No hay nada del adorno de una persona, incluido el vestido, que subraye tanto la personalidad de alguien como el perfume. El universo de las sugerencias más arrebatadoras pululan en el aroma que envuelve a una persona bien perfumada. Distinción, elegancia, encanto, constituyen entre otros el mensaje que emana de una fragancia bien escogida, que es capaz de anticipar o constatar la presencia de una persona. Si queremos que un determinado aroma nos identifique, es preciso que le seamos fieles con el paso del tiempo. A cambio de esa perseverancia, de esa constancia, el perfume nos regala un elemento configurador de nuestra personalidad.

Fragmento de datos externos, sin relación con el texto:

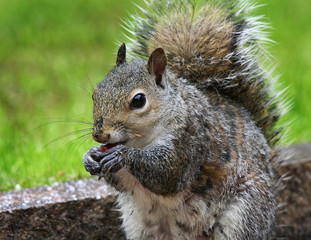 Sciurus carolinensis, common name eastern gray squirrel or grey squirrel depending on region, is a tree squirrel in the genus Sciurus. It is native to eastern North America,.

En resumen, la naturalidad de la elegancia es un conjunto de requisitos que despiertan la emoción de admiración de una obra no solo estética, sino similar a la contemplación de una bella obra de arte. Pero no nos conformemos con esta explicación, pues toda obra maestra va más allá de su forma y apariencia formal. Que nuestro paso por la vida, que nuestra presencia rememoren en los demás sensaciones inolvidables.